It took me four hours preparing and by that i mean reving myself up psychologically for work. I’ve been in fear about running my business about succeeding actually, rather than failure, what will i do when i am successful, how will i handle it, what will change. I’ve got over this now and i’ve realised i’m starting to look forward to working for myself each day. I’ve stopped demanding so much of myself and set my priorities. My only priority is to work hard each day calling prospects at my own pace. I’m not focusing on what i’m doing, but more on the psychology i’m in and making sure i go through the motions to produce the results by default.

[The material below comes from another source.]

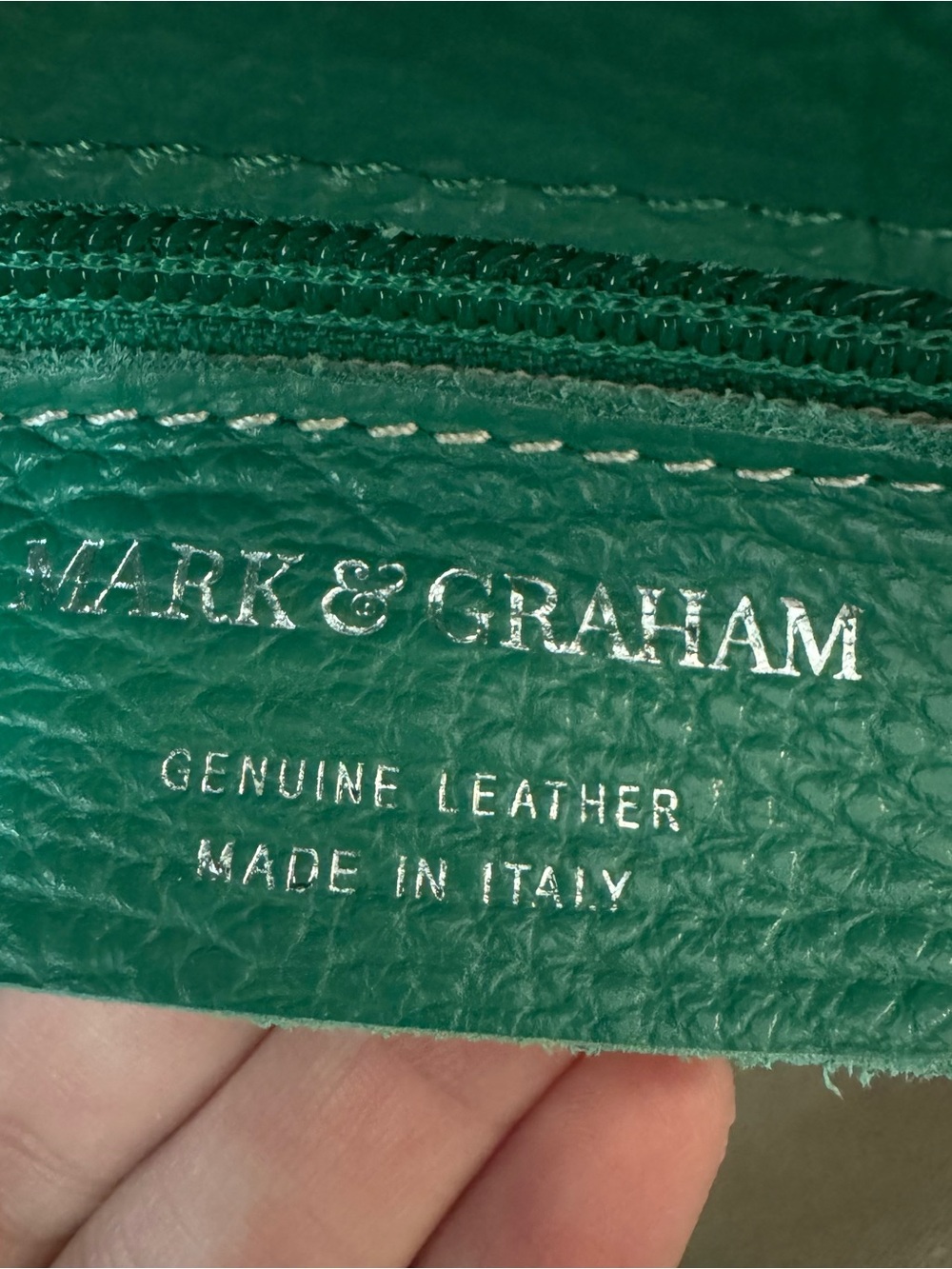 Mark & Graham Elisabetta Slouch Leather Tote Hand Bag - Picture 4 of 8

I’ve done with making plans. The best thing i’ve managed to do so far is have a blank chart on the wall and add all the things i’ve actually “done” throughout the day. This way i feel like i’m achieving. If i dont’ set myself a goal i can’t fail, every little enhancement to my business is a success. I often set unrealistic expectations of what i can get done in a day. I’ve now realised if i just get one or two important things done in a day, in the space of a week i can complete everything outstanding. It doesn’t all have to be at the same priority level! Anything that can wait should wait and i should do what i must do now.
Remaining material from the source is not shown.